══ Provided entries
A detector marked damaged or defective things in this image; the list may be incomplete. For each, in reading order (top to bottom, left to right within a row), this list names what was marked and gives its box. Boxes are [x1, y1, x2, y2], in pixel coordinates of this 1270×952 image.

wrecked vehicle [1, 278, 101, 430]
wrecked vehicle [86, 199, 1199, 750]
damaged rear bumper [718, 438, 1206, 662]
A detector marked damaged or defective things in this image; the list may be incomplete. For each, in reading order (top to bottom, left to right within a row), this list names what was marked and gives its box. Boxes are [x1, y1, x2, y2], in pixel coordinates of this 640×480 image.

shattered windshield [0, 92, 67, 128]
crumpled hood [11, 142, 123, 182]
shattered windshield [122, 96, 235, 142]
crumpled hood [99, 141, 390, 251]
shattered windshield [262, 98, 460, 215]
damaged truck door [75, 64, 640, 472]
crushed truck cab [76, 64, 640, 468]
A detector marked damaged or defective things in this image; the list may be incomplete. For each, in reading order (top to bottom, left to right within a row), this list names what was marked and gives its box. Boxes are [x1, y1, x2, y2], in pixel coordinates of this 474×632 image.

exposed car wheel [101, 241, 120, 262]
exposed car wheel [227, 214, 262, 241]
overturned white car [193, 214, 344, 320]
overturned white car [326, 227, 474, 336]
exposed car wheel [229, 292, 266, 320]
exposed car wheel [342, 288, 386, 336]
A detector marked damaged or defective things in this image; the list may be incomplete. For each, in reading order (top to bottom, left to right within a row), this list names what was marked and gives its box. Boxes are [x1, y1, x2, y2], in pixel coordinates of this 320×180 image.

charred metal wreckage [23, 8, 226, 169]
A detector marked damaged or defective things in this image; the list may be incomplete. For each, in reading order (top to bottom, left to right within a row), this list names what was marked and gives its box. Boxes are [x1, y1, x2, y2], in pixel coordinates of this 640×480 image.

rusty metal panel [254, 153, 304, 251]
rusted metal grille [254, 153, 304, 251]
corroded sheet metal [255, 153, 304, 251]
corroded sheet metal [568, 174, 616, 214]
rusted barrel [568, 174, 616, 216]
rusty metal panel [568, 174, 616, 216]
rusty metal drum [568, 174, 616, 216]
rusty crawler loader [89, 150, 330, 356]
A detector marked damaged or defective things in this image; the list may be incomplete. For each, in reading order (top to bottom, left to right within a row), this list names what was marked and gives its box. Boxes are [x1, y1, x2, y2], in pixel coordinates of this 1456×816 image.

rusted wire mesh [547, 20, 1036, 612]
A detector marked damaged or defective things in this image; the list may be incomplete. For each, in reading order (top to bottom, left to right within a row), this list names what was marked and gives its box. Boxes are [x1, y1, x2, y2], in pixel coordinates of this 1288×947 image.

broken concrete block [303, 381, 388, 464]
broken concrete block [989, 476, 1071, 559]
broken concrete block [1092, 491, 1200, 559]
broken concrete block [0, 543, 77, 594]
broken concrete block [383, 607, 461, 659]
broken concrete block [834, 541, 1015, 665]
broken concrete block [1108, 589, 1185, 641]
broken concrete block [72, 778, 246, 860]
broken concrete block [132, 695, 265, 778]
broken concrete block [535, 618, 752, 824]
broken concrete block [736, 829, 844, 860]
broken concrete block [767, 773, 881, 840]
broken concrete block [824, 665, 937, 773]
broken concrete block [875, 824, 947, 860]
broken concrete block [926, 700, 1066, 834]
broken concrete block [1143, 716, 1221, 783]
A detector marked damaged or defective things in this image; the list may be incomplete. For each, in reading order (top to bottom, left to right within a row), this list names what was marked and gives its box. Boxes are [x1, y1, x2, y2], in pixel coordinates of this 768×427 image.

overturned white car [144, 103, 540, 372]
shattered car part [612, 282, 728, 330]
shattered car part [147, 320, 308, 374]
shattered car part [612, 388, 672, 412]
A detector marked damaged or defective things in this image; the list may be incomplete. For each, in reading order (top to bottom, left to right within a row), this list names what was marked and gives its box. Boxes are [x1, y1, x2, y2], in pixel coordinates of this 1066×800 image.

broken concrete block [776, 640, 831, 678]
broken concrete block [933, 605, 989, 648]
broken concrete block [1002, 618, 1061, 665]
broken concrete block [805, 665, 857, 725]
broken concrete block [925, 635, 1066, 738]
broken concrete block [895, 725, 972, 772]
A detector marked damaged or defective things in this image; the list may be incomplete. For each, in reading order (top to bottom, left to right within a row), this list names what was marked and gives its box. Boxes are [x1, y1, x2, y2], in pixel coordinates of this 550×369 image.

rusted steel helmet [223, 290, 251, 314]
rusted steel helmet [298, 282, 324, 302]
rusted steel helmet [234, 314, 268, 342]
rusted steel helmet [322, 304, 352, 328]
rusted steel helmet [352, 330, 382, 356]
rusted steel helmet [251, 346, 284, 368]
════
:: Assignment ::
Give back, unchanged, every line from the one with "this 550×369 image." to the end of the entries above.

:: Finished task ::
A detector marked damaged or defective things in this image; the list may be incomplete. For each, in reading order (top to bottom, left to right within a row), this list names what was marked and gives its box. Boxes are [x1, y1, x2, y2], in pixel coordinates of this 550×369 image.

rusted steel helmet [223, 290, 251, 314]
rusted steel helmet [298, 282, 324, 302]
rusted steel helmet [234, 314, 268, 342]
rusted steel helmet [322, 304, 352, 328]
rusted steel helmet [352, 330, 382, 356]
rusted steel helmet [251, 346, 284, 368]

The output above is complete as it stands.